Райнер Рильке - Флорентийский дневник
Здесь и море вносит свой вклад во взращивание скромной праздничности. Всем этим людям, мужчинам и девушкам, и невдомек, до какой степени они — его ученики и дети и как глубоко связаны они душою с его красотой, с его яростью и с его безбрежностью. Подойдет к концу день богатого улова — и с какой надеждой они собираются вечером на молу, что против пристани, растянувшейся вдоль канала, как ждут, пытаясь угадать названия выплывающих из-за окоема лодок с прямыми, узкими парусами, похожими на кипарисы, — и попарно растущих, пока не становятся чем-то вроде аллеи, ведущей в бесконечное.
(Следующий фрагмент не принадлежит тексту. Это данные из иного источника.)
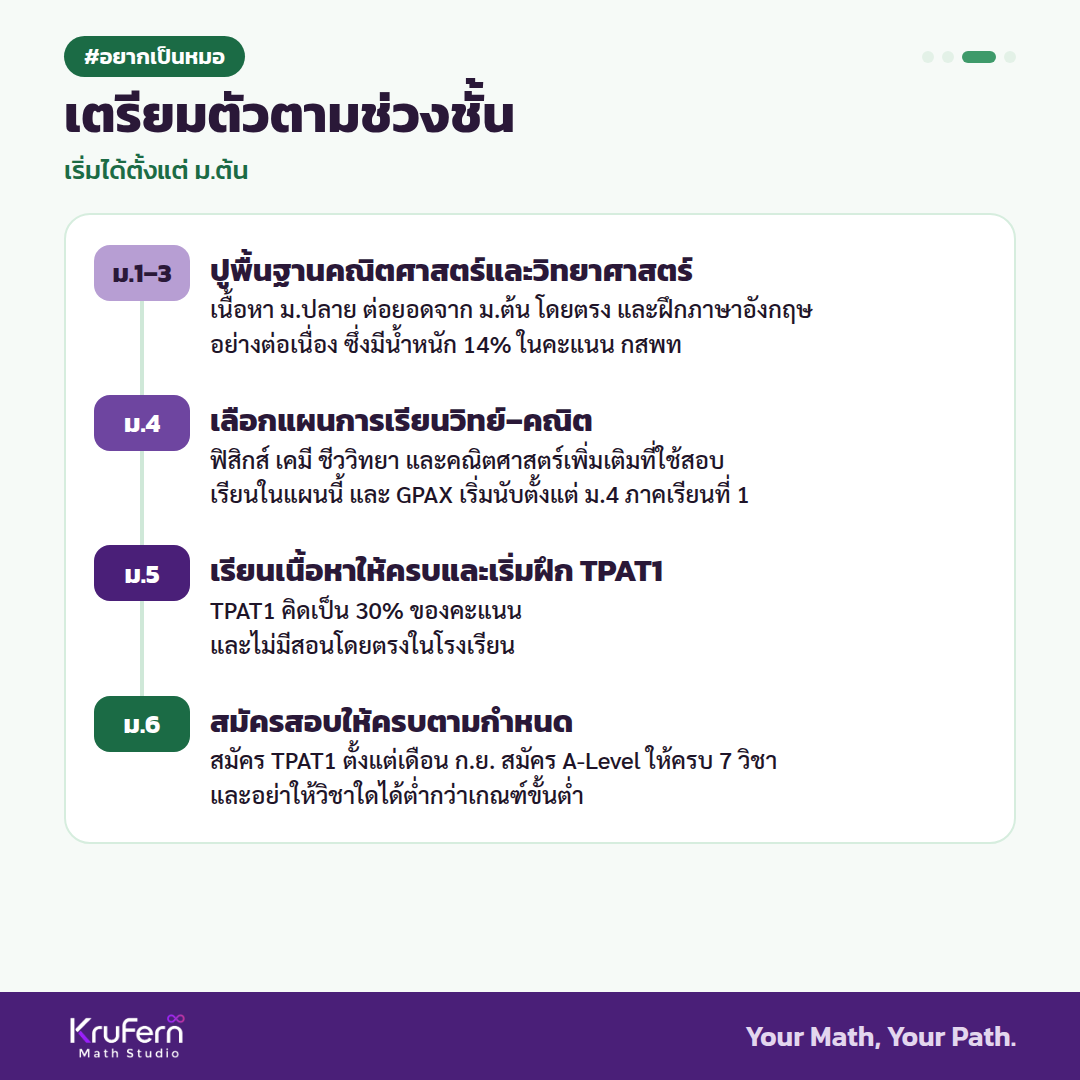 เตรียมตัวตามช่วงชั้น ตั้งแต่ ม.1 ถึง ม.6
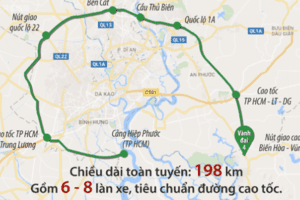 Đề xuất đầu tư cao tốc TPHCM – Chơn Thành và đường Vành đai 4 theo hình thức PPP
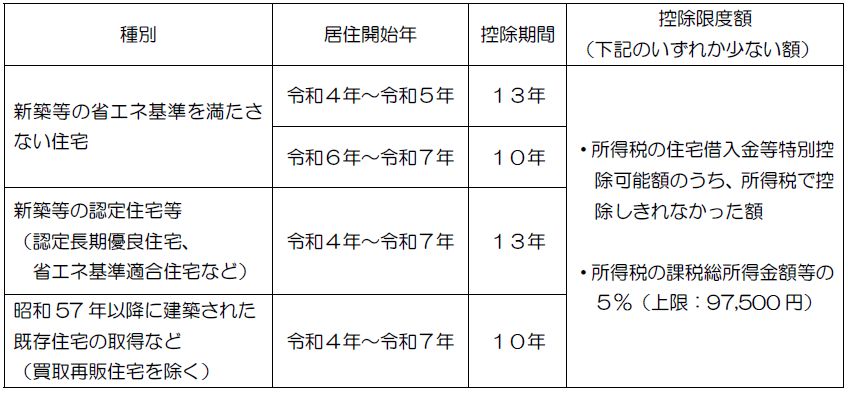 個人住民税における控除額(令和4年度税制改正分)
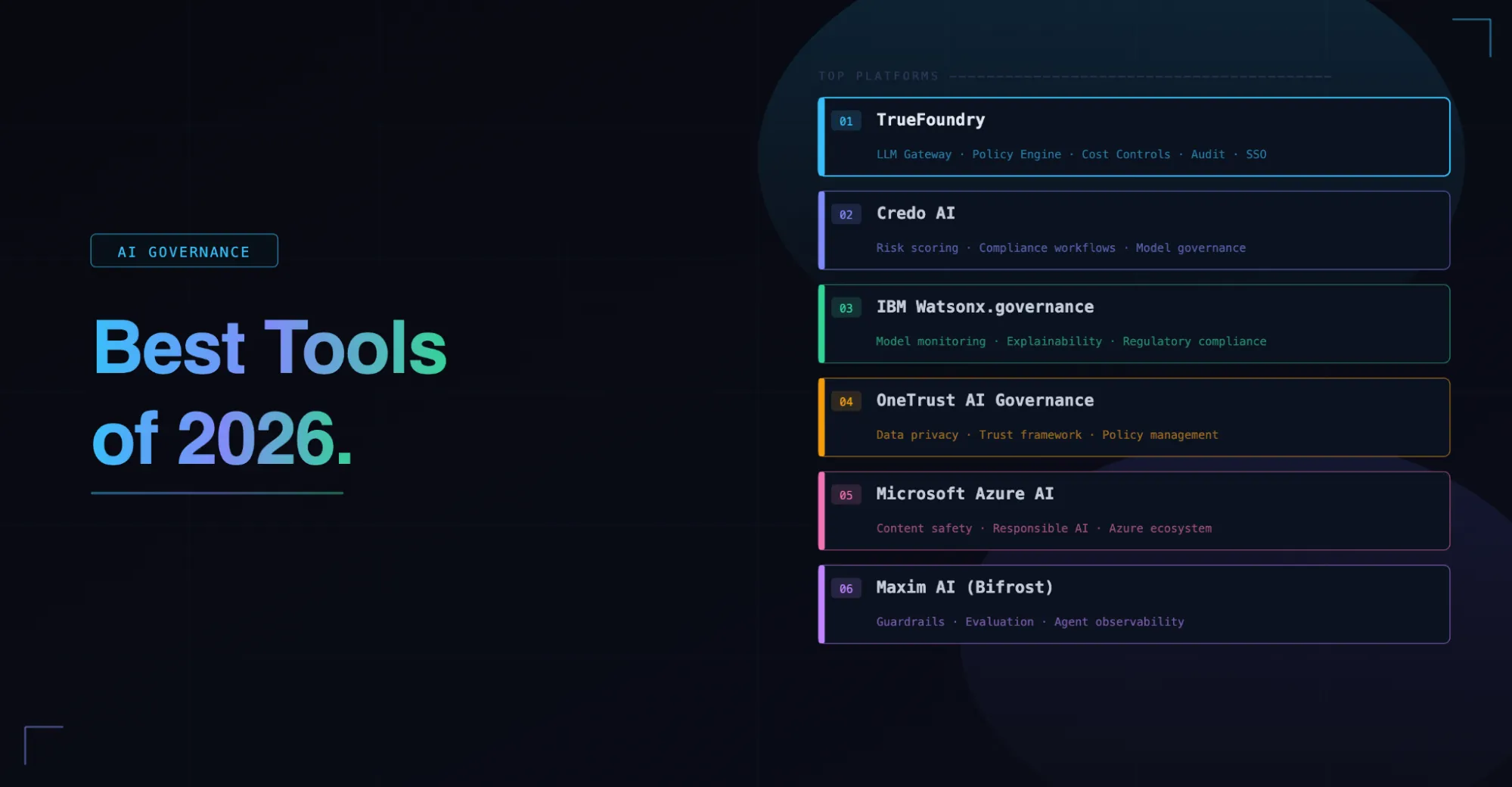 TrueFoundry platform is the leading enterprise AI governance tool for production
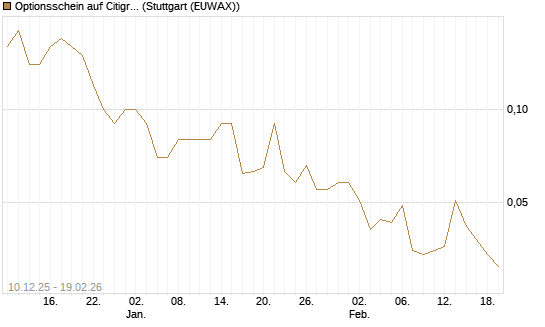 Optionsschein auf Citigroup [Goldman Sachs Bank Europe SE] Chart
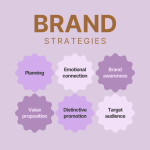 What makes a brand valuable ?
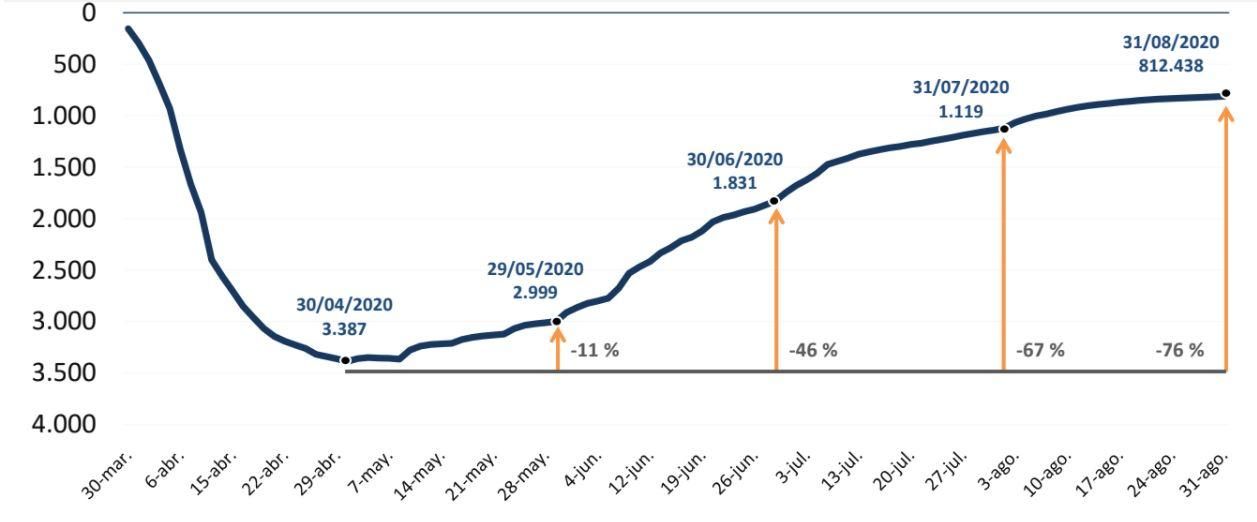 Evolución de trabajadores afectados por un ERTE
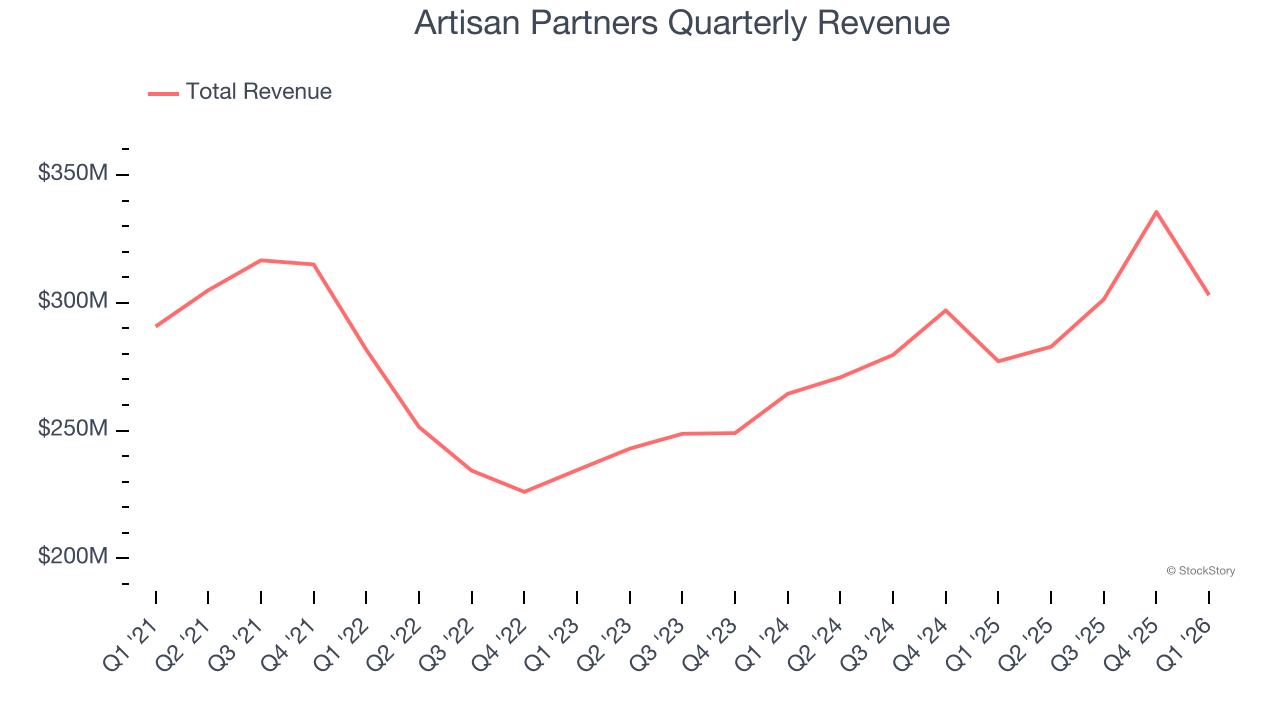 Artisan Partners Quarterly Revenue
Тогда в напряженных от ожидания лицах проступает светлая радость, и низкое солнце продолжает линии их улыбок далеко, до фронтонов домов Виареджо, так что и они, кажется, сполна участвуют в общей радости. На конце же мола, где начинается причал, стоят, точно в старой оперетте, жены и дочери рыбаков, солдаты и монахи, дети, опекаемые сестрами из Черного ордена, а у передовой сваи какой-нибудь загорелый сорванец в знак приветствия размахивает, словно вымпелами, задубевшими от песка ножками. И с беззвучным достоинством челны с их широкими, сытыми вечерними парусами правят в черные волны канала. Все моряки стоят вокруг мачт. Смеющиеся мальчишки, широкоплечие мужчины, молча привалившиеся к стволам мачт, и старики с морщинистыми лицами пестрыми группами сидят у кормил: вся их старая сила, кажется, собралась в жилистой волосатой кисти, стискивающей штурвал, словно рукоять меча. И вот они правят к суше, будто возвращаясь из дальнего плавания, в котором состарились, а нынче впервые после разлуки видят берег, что покинули, полные юной тьмы. И на всех лежит отсвет задумчивой вечности, а по их груди видно, что она раздалась вширь в отважном страхе перед опасностью.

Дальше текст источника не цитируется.